As we were standing right next to that lady, we started to notice that very few customers would actually buy anything. We saw a lot of people coming out of the dressing room with 4,5 or even 6 articles of clothing, and give them all back. Being bored, we thought it would be a good idea to actually record this data, and analyse them.
We took notes of how many items were tried buy each person, and how many were kept. In the approximately 20 minutes we spent there, we saw 75 customers come out of dressing rooms. Here is the histogram of the number of items they had brought in (according to the small plastic panel).
We can already see some interesting trends. There are two peaks in this histogram, suggesting two types of customers : Those who bring few (1 or 2) articles, and those who want to try many items on (5 or 6). In comparison, few customers bring 3 or 4 items. But how does this translate into sales? Let’s have a look at the histogram of items kept.</p>
As you can see, the number of articles finally kept does not really look like the number of articles brought into the dressing room. In fact, the number of articles kept can be closely matched by what we call the gaussian distribution. That is the redline you can see on the figure. It is very frequently encountered in nature. So frequently, in fact, that we also call it the normal distribution.
So we know that some people go in with a lot of clothes, and some with very few. We also know that the number of articles kept obeys the normal distribution. But what we would like to know is how does the number of articles brought in correlate with the number of articles brought out. In other words, we want to know if we can predict how many articles of clothing someone will end up buying based on how many the bring into the dressing room.
We can accomplish this by quite easily. In the following graph, you can see the mean number of articles kept, as a function of number of articles brought in the dressing room :
The numbers fit nicely on a line, with a slope of 0.28 (drawn in red). Roughly speaking, for every 100 items tried on in that shop’s dressing room, only 28 are bought. The remaining 72 have to be put back on shelves by the staff. We can also see that the number of clothe brought in can be a pretty good indicator of how many will be bought. The more items brought in, the more items are kept.
But, while we were recording the data, we actually noticed a pretty large number of people who actually did not seem to want to buy anything. They seemed just to be interested in trying clothes with their friends, and giving them all back afterwards. And we wondered, do they somehow skew our data? Is there something to be learnt by eliminating them from our dataset? Have a look at this next graph.
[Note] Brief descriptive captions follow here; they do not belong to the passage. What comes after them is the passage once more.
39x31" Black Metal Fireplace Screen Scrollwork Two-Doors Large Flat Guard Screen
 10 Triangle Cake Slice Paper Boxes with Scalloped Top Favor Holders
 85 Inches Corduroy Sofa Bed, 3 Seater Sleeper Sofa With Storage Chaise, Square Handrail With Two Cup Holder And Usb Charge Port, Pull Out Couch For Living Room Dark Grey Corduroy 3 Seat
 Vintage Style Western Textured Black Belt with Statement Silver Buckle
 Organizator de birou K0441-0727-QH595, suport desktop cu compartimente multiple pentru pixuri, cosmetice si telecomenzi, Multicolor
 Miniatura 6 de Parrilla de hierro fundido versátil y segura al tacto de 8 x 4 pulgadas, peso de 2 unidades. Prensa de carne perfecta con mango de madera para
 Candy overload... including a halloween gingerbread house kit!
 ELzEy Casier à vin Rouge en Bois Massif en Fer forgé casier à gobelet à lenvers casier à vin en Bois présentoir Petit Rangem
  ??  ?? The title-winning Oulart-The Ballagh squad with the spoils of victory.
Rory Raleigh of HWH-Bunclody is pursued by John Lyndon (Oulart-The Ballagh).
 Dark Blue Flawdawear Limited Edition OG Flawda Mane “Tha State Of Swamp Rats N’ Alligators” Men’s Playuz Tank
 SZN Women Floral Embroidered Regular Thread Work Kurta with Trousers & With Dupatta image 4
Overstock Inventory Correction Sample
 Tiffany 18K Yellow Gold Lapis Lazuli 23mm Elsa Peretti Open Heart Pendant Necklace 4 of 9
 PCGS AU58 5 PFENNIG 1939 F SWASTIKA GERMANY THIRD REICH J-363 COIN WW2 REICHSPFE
Here you can see the same data than on the last graph, but we have added another curve. In green you can see the mean number of articles bought if we exclude those who do not buy anything. There is something funny about this graph. It seems that people who bring in 4 items actually end up buying less than people who brought in only 3. I do not know if there is any truth behind this observation, or if it is just due to a small number of samples. other than that, the trend of “The more you bring in, the more you buy” seems to hold.